## Brief
Give back the entries exactly as they read, leaving each image out.

## Records from a collection
* * *
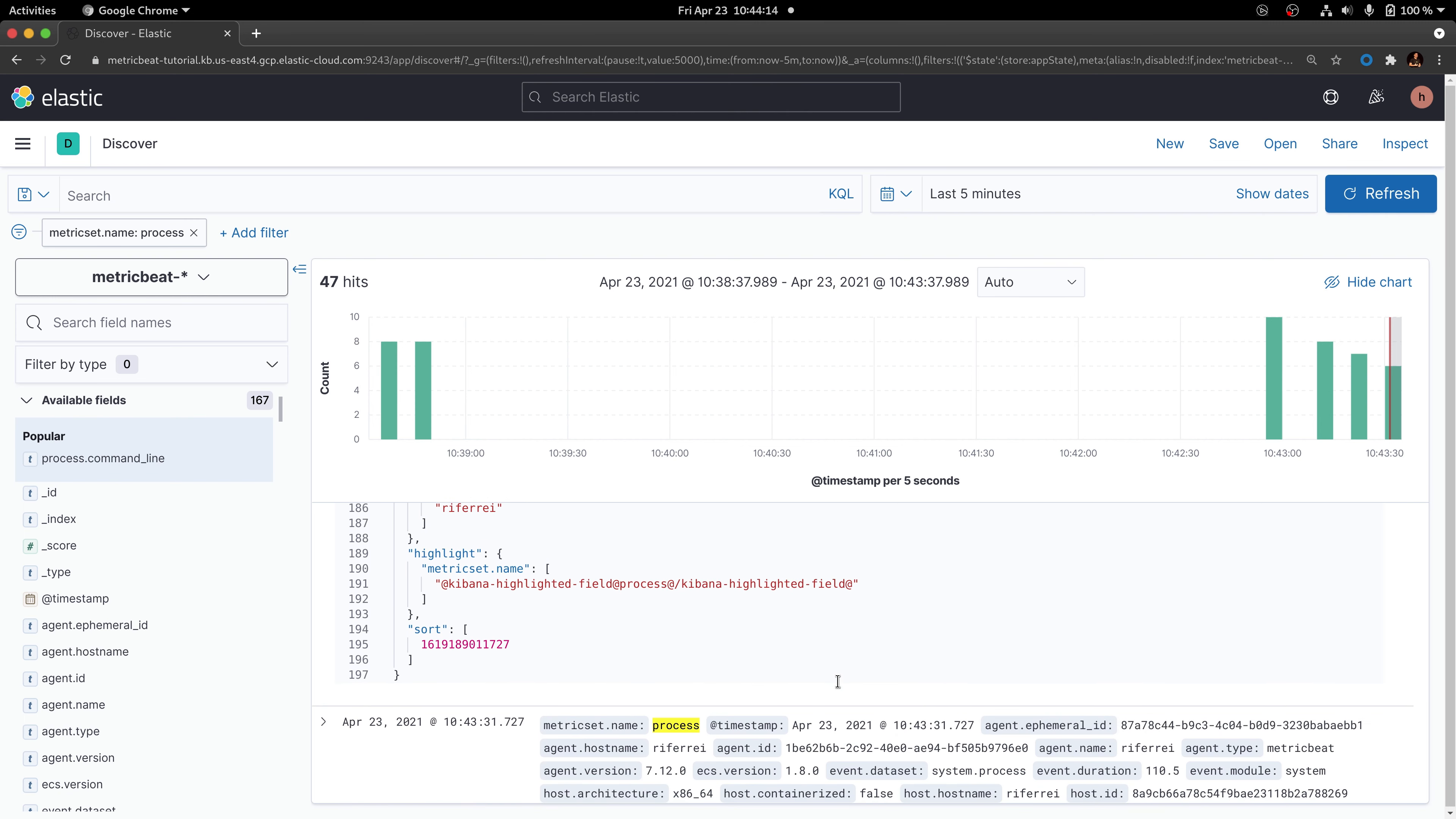As you can see here, the three fields containing the process arguments has been effectively removed from the generated document. That means that the processor that we have enabled in Metricbeat took care of processing the event and mutating it before actually transmitting to the configured output.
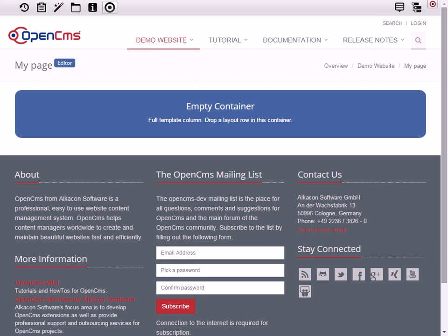Hi there, this is Alex from AlkaCon Software, and in this video I'm going to show you a new feature of OpenCMS 9.5 which is called nested containers. Now nested containers is a very powerful feature and it allows you to create page layouts or even templates without coding.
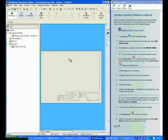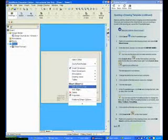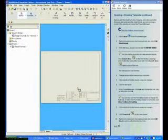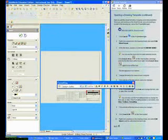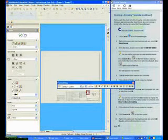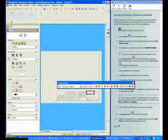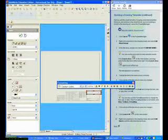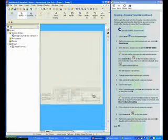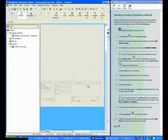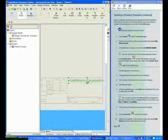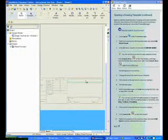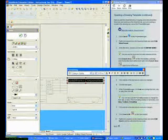Right-click in the Sheet Format area and select Edit Sheet Format. There are two modes in SOLIDWORKS Drawing: Sheet Format and Sheet. Double-click on the Company Name text and enter your company name. In this case, I entered SOLIDWORKS Corporation. Zoom in on the text. Notice how the text does not fit in the block.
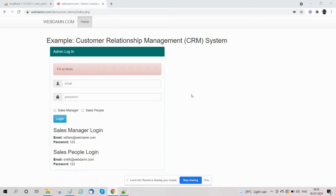Hello, welcome to the series to develop CRM system using PHP and MySQL. In this section we are going to discover sales people.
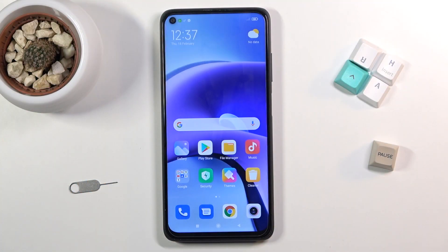Welcome. In front of me is a Xiaomi Redmi Note 9T, and today I will show you how to enable and set up your Do Not Disturb mode.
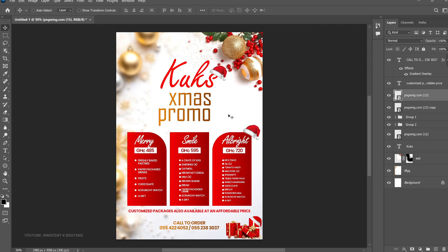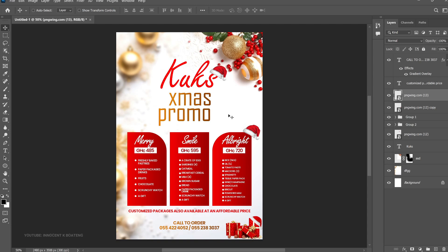And that is how you create a very simple Christmas promo flyer for your business. You can easily replace all of this with whatever you're offering — design packages or anything else — using the same template. You can also add discount codes. If you reach out to Cooks by virtue of this tutorial, just mention the name 'Innocent' and you'll get an amazing discount on any package. I hope this was helpful. Subscribe to the channel — that will be an amazing Christmas gift! I've been away a little bit but I'm back. Thanks for sticking around, I'll see you in the next video — it's Innocent here, bye!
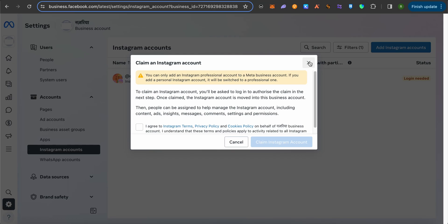This way you should be able to add your Instagram account to your Meta Business Suite, and this is how you do it. After that, you would be able to post simultaneously on both platforms, on Facebook as well as on Instagram.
* * *
## Output of the task
As you can see here, the three fields containing the process arguments has been effectively removed from the generated document. That means that the processor that we have enabled in Metricbeat took care of processing the event and mutating it before actually transmitting to the configured output.
Hi there, this is Alex from AlkaCon Software, and in this video I'm going to show you a new feature of OpenCMS 9.5 which is called nested containers. Now nested containers is a very powerful feature and it allows you to create page layouts or even templates without coding.
Right-click in the Sheet Format area and select Edit Sheet Format. There are two modes in SOLIDWORKS Drawing: Sheet Format and Sheet. Double-click on the Company Name text and enter your company name. In this case, I entered SOLIDWORKS Corporation. Zoom in on the text. Notice how the text does not fit in the block.
Hello, welcome to the series to develop CRM system using PHP and MySQL. In this section we are going to discover sales people.
Welcome. In front of me is a Xiaomi Redmi Note 9T, and today I will show you how to enable and set up your Do Not Disturb mode.
And that is how you create a very simple Christmas promo flyer for your business. You can easily replace all of this with whatever you're offering — design packages or anything else — using the same template. You can also add discount codes. If you reach out to Cooks by virtue of this tutorial, just mention the name 'Innocent' and you'll get an amazing discount on any package. I hope this was helpful. Subscribe to the channel — that will be an amazing Christmas gift! I've been away a little bit but I'm back. Thanks for sticking around, I'll see you in the next video — it's Innocent here, bye!
This way you should be able to add your Instagram account to your Meta Business Suite, and this is how you do it. After that, you would be able to post simultaneously on both platforms, on Facebook as well as on Instagram.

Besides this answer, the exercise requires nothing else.